# Old house 3 smokers for YEARS how to prep



## Evil Scotsman (May 7, 2010)

Inheriting a house built in the 60's, bought in the VERY early 70's, smokers for years. Nicotine stains on ceiling, as well as flaking paint, (inspector said not from water damage just from age) dirty walls. Hope do I go about prepping for paint. I realize I will need to scrape flaking paint, do I need to spackle where I scrape flakes? Do walls NEED to be scrubbed, (would be every inch of every wall in the whole house) or would something like KILLZ cover it well enough? 

THANKS!


----------



## oldognewtrick (May 7, 2010)

The finished paint job will only be as good as the prep. Most people don't do enough of the prep work and end up painting more often. Paint won't adhere to dirt or loose peeling surfaces.

Sounds like you have quite a nice project going on over there.


----------



## TxBuilder (May 7, 2010)

With nicotine stains I would suggest a lite washing to see what you can get off. Then start normal prep. The issue I've found is that when I wen to scratch of the gloss the stains made it sticky. The paper would over grip and just sort of smudge.
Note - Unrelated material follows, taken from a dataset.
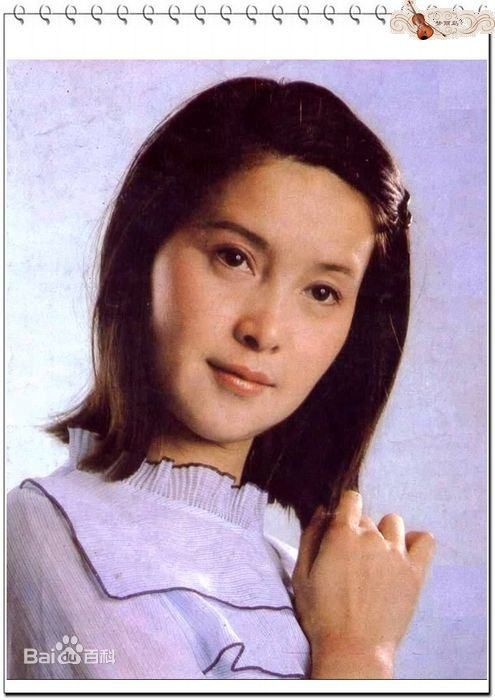 《张伟欣》封面图片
I wish you luck, when I was cleaning I would get headaches from the stale smoke smell returning.


----------



## Nestor_Kelebay (May 7, 2010)

Scotsman:  You've come to the right place.  As a small landlord I've had to deal with the same situation you're dealing with to a greater or lesser degree, but I've dealt with it many times.

You can paint over the walls with an interior oil based primer, and that will seal in the smell of the nicotine, but if it were my house, I'd remove the stain and odor by cleaning so that it's removed, not just encapsulated.
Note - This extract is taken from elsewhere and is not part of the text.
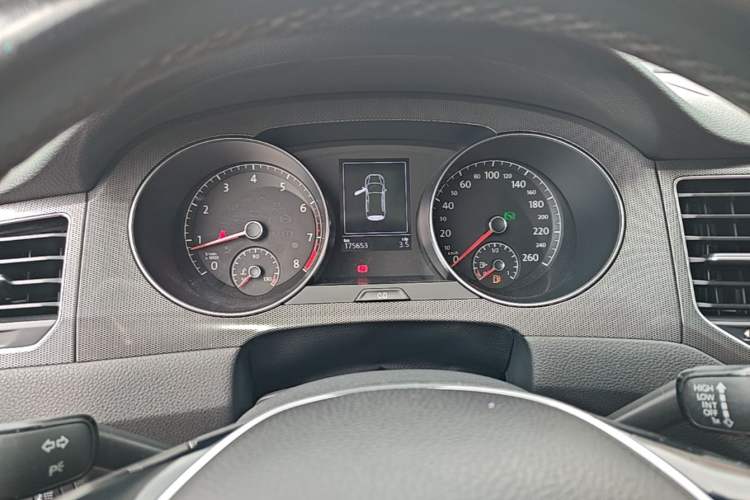 Used Volkswagen Golf Sportsvan 2016 230TSI Automatic Trend Edition Instrument Cluster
I was the landlord to the greatest chain smoking couple who ever lived.  She moved in when she was pregnant with her first boy, and by the time they moved out, he was 14 years old and a chain smoker too.  I will try to post pictures later on tonight.  (I spent the past 5 minutes retrieving them from my old CD files.)  I expect there was more tobacco smoked in that apartment than there was in any normal smoker's house over a lifetime.  I took pictures to both support my claim for cleaning/damages against the tenants, and the fact that I didn't think anyone would believe how badly smoke stained the walls were without pictures as proof.
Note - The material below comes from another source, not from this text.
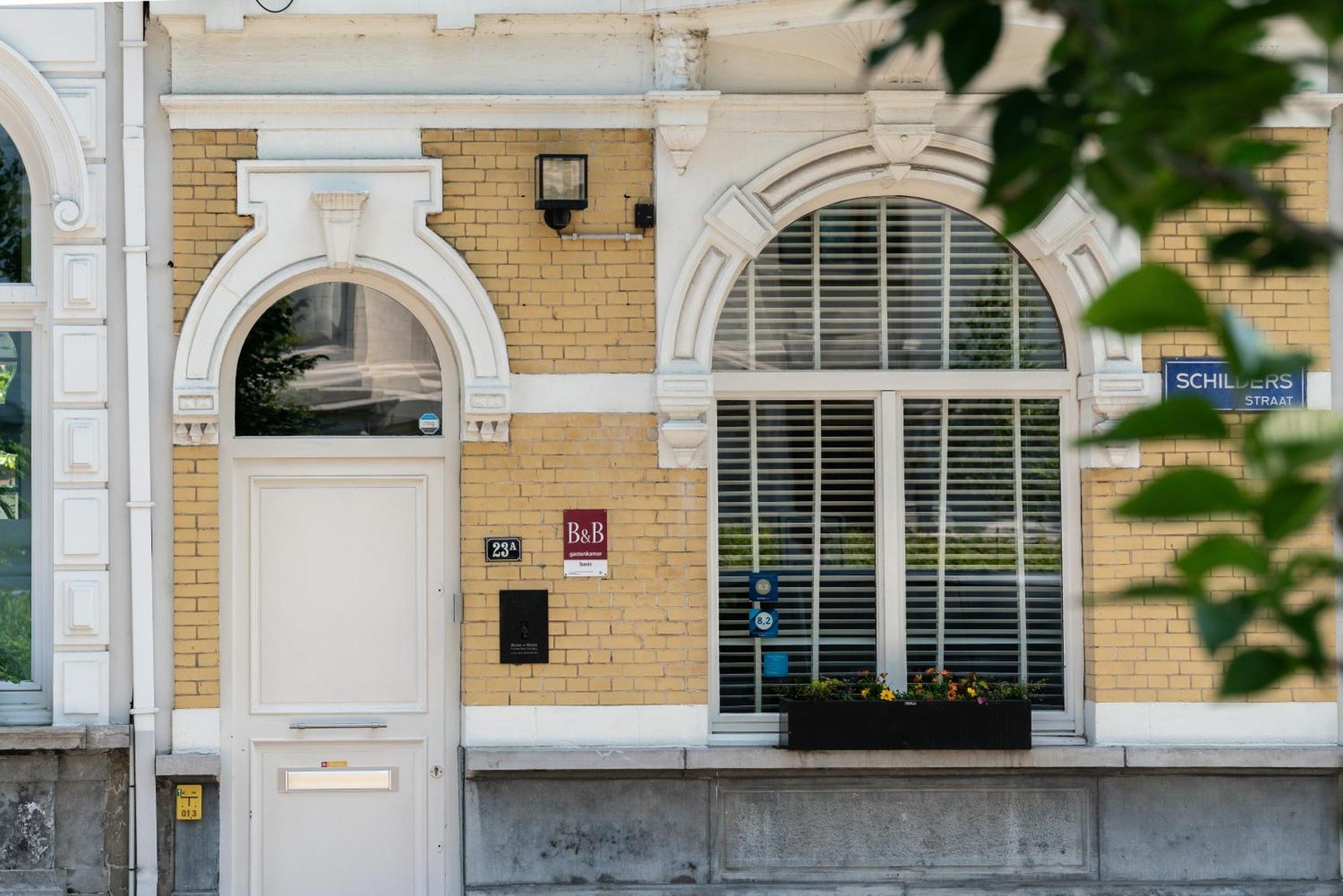 Antwerp Museum Suites Bagian luar foto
If the house was built in the 1960's, it's probably drywall walls, but could still be plaster.

Here's what you do:

1. Use a garden sprayer or hand sprayer to spray water onto the walls and ceilings, and scrub the wet walls and ceilings with a brush fitted onto a handle.  (Long handle for ceilings, short or no handle for walls).  Every janitorial supply store will sell brushes with TAMPICO fibers.  You want a tampico fiber brush because they're soft natural bristles that water sticks to.  And, you want one with a threaded hole suitable for mounting on a painting pole.  So, you spray water onto the ceiling, scrub with a tampico fiber brush on a painting pole, and that will dissolve MOST of the nicotine from the wall or ceilng.  Leave the tampico fiber brush soaking in a pail of water when you're spraying to rinse the nicotine off the bristles.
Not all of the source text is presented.